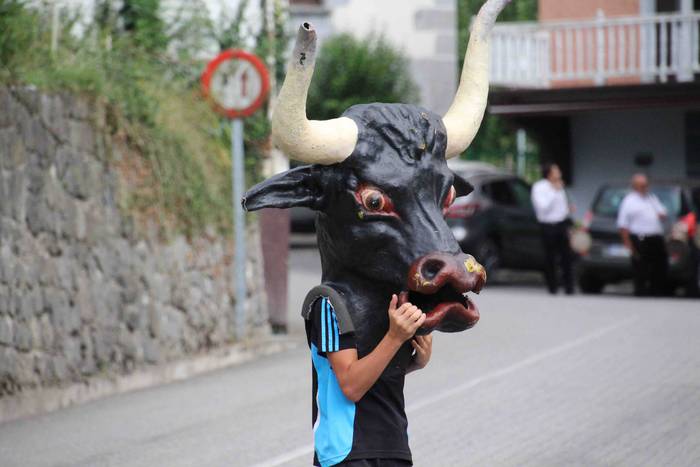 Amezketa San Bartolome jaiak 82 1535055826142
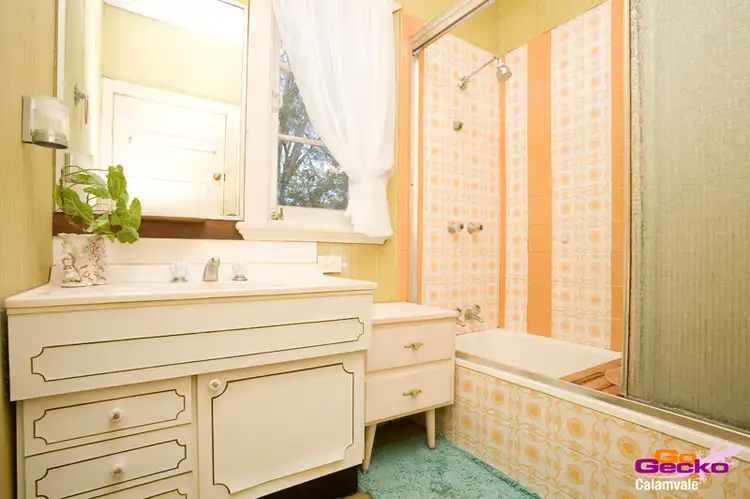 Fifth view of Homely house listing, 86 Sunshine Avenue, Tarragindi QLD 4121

========================================================================

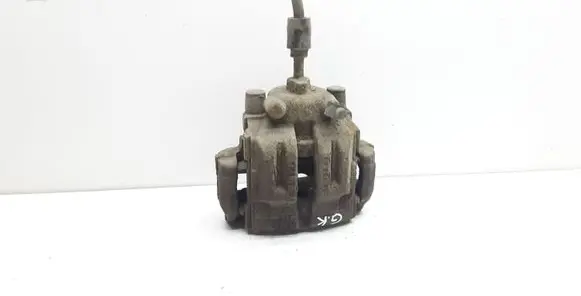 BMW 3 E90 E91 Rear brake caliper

========================================================================

Task to complete: The answer should consist only of the lines above from the one with "Amezketa San Bartolome" through the one with "Fifth view of", repeated exactly, with no pictures among them.

Your response:
 Amezketa San Bartolome jaiak 82 1535055826142
 Fifth view of Homely house listing, 86 Sunshine Avenue, Tarragindi QLD 4121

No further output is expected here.